3. Il résulte de l'instruction que M. B ne réside à la Réunion que depuis mars 2023 et n'y possédait pas de bien immobilier à la date de sa mise à la retraite le 1er avril 2023. M. B tout comme son épouse et ses enfants ne sont pas nés sur l'île. Une de ses filles n'y a réalisé ses études qu'à compter d'août 2022. S'il rapporte avoir réalisé plusieurs voyages à destination de La Réunion pour retrouver son oncle et sa tante résidents et originaires de l'île, il n'en justifie pas. De même, si le requérant invoque le fait d'avoir réalisé plusieurs demandes d'affectation sur l'île, aucune de ses demandes n'a abouti ceci quand bien même la procédure pour obtenir une telle affectation en tant que militaire est difficile. Au regard de ces différents éléments, l'administration a pu légalement estimer que M. B n'avait pas transféré le centre de ses intérêts moraux et matériels à la date du 1er ravril 2023 à La Réunion et rejeter pour ce motif la demande de l'intéressé tendant au bénéfice de l'indemnité temporaire de retraite.

4. Il résulte de ce qui précède que M. B n'est pas fondé à demander l'annulation de la décision du 10 novembre 2023.

Sur les dépens :

5. Par ailleurs, en l'absence de dépens dans la présente instance, les conclusions présentées par le directeur régional des finances publiques de Bretagne et du département d'Ille-et-Vilaine à ce titre sont rejetées.

D É C I D E :

Article 1er : La requête de M. B est rejetée.

Article 2 : Les conclusions du directeur régional des finances publiques de Bretagne et du département d'Ille-et-Vilaine tendant à ce que les dépens soient mis à la charge de M. B sont rejetées.

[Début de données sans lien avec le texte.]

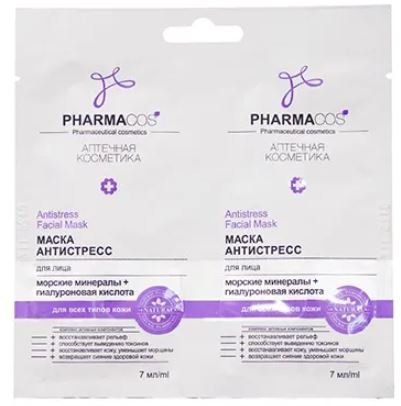 МАСКА Антистресс для лица 2 х 7 мл саше PHARMACOS Витэкс фото 1 &mdash; TD-EX.RU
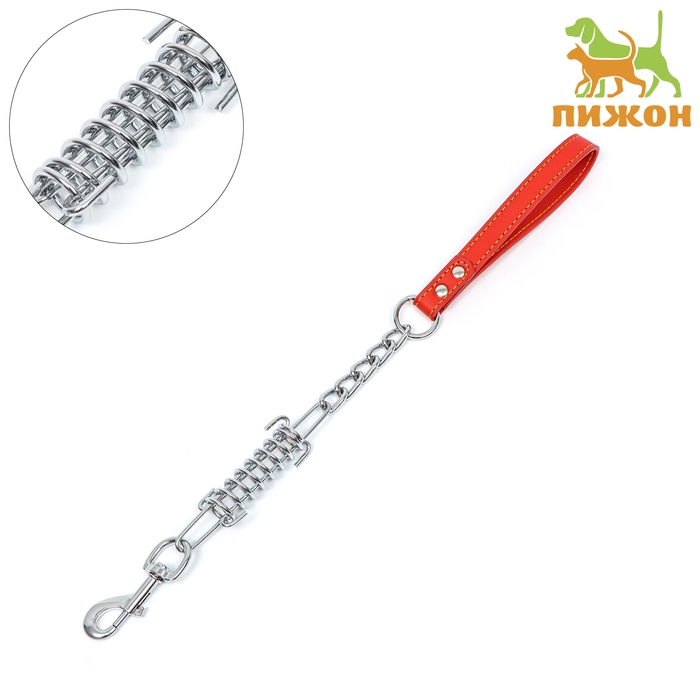 Водилка металлическая амортизирующая, 50 см х 4 мм Водилка металлическая амортизирующая, 50 см х 4 мм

Article 3 : Le présent jugement sera notifié à M. C B et au ministre de l'économie, des finances et de la souveraineté industrielle et numérique.

Copie du présent jugement en sera adressée au directeur régional des finances publiques de Bretagne et du département d'Ille-et-Vilaine.

Rendu public par mise à disposition au greffe le 17 juin 2024.

Le vice-président désigné,

signé

F. A

La greffière d'audience,

signé

I. Loury

La République mande et ordonne au ministre de l'économie, des finances et de la souveraineté industrielle et numérique, en ce qui le concerne ou à tous commissaires de justice à ce requis en ce qui concerne les voies de droit commun, contre les parties privées, de pourvoir à l'exécution de la présente décision.